$G/ \sim$ is the set of $\sim$-equivalence classes in $G$ and $|G/ \sim|$ is the cardinality of $G/ \sim$. $|A| \leq |B|$ means that there is an injective function from $A$ to $B$. $|A| < |B|$ means that $|A| \leq |B|$ and $|A| \neq |B|$.
If $\pi:G \to G/ \sim$ is defined by $\pi (x) = [x]_{\sim}$, then $\pi$ has an injective right inverse $h:G/ \sim \to G$ (by the Axiom of Choice) and $|G/ \sim| \leq |G|$ and $|G| \nless |G/ \sim|$
Is the full axiom of choice needed to prove that $|G| \nless |G/ \sim|$ (just that one part, not necessarily both of $|G/ \sim| \leq |G|$ and $|G| \nless |G/ \sim|$)?
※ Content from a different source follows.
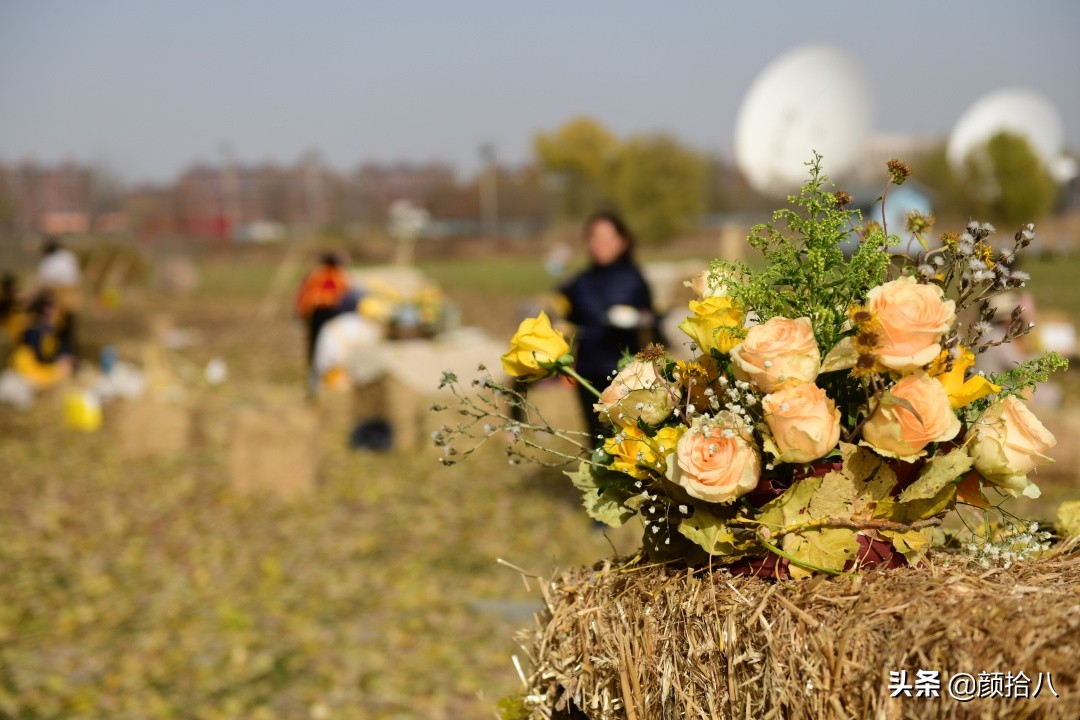 没有比利时花园游，来点比利时啤酒吧|随笔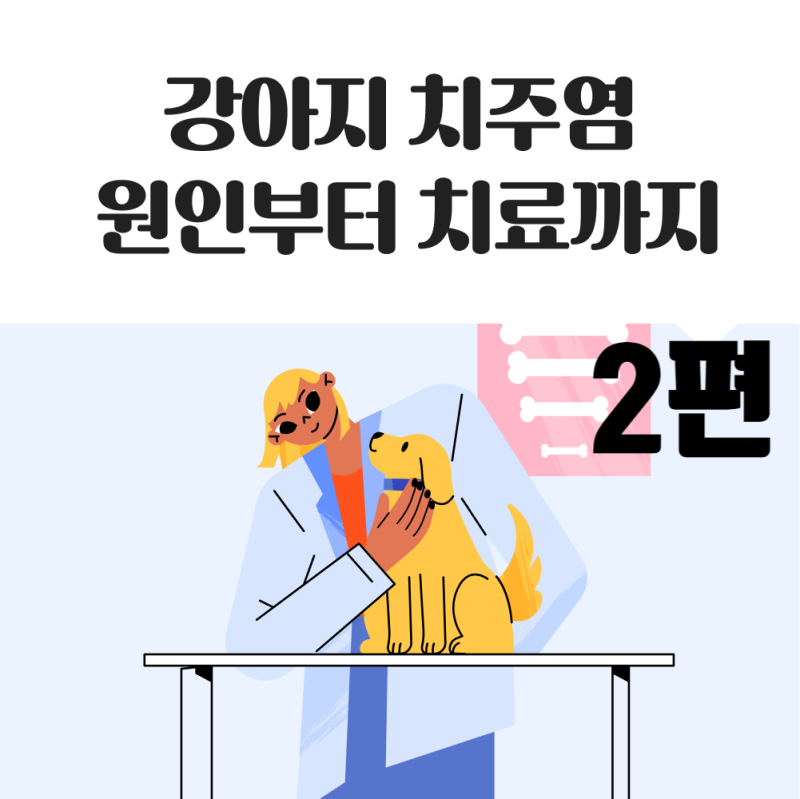 강아지 입냄새가 너무 심해요, 강아지 치주염 치료법과 예방법_당진시청 동물병원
If not, what is the weakest form of choice that is needed to prove it?
If the restriction that "$G$ is a group, $N$ is a subgroup of $G$ and $\sim$ is defined by $x \sim y$ iff $x y^{-1} \in N$" was added, does that change the answer?
This is known as the Weak Partition Principle. We don't know all too much about it, but it implies there are no-measurable sets of reals and there are no infinite Dedekind-finite sets.